賞味期限や食品ロス問題に切り込んできた著者井出留美さんが、子ども向けの本を書いたというので一読した。大上段からの評論ではなく、現場で本質を感知して、くらしのなかから環境意識を高めていくその姿勢を、子どもたちにどう伝えるのかというのが関心事項である。

捨てないパン屋の挑戦 しあわせのレシピ』の主人公は、広島にあるブーランジェリー•ドリアンの店主の田村陽至さん、かれはパン屋のせがれに生まれたが、ストレートにパン屋を継いだわけではない。したいことがわからなくて、悩んで日本を放浪して、自然ガイドをしてモンゴルまで行った。モンゴルで「食とはいのちを食べること」と気づいて、吹っ切れた。帰国後、かれのパンとの格闘が始まる。

青年の悩みをパーソナルなものとしてだけ描くのではなく、パン屋をめぐる商業問題や労働問題、また食をとりまく環境問題をからめての展開がたくみである……
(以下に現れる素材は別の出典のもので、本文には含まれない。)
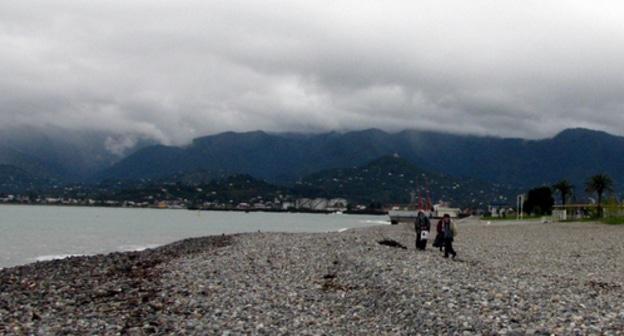 Берег моря в Батуми. Фото Юлии Кашеты для "Кавказского узла".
感想文の続きはAmazonの本書のページへ。本書を読みながら考えたことがある。

ライターのはしくれとして、自分ならこのパン屋の主人公をどう書くか?。私ならきっと、もっと田村さんの感情や行動を中心にしたに違いない。だが井出さんは、主人公のことを描きながら、氏の関心事項である食品ロス問題や環境問題を外さない。むしろパン屋さんの悩み=社会問題とつながっていた、という洞察をしている。

そこが素晴らしいところで、私は嫉妬した…(笑)

人物をどう描くか、描く上でどういうスタンスをとるか、どういう距離をたもつか。それは書き手自身の伝えたいことの有無や、その強弱に関わっている。伝えることが(あまり)なければ、その人物一辺倒になる。伝えることが(たくさん)あれば、人物論や評論に近づいていく。
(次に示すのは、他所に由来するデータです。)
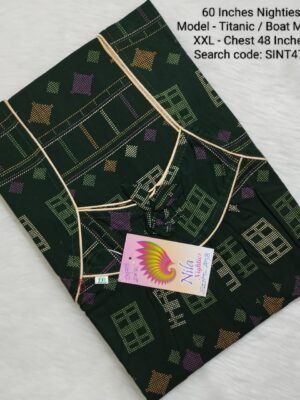 60 Inches Nighties - Titanic Model- SINT478-  2XL Size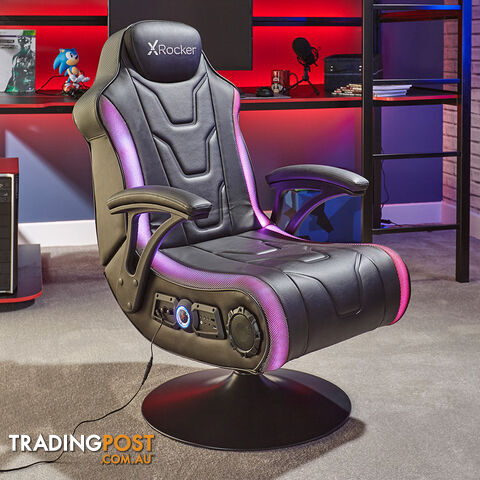 X-Rocker GP Rainstorm SMD RGB 2.1 Gaming Chair - X Rocker - Gaming Chair GTIN/EAN/UPC: 094338210514 - photo 5 of 10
井出さんの巧みなところは、物語と人物論の中心に「自分の視点」を置いて、あたかもシーソーが支点でギッタンバッコンするように両方を描きながら、自身のメッセージを盛り込み、読者に「自分はどうすべきか」考えさせるところだ。それができるのは氏が「作家的ポジション」をもっているからである。

人を描きながら、自分の思い伝える。私はまだそういったポジションが持てていない。それができるような書き手になりたいと思いました。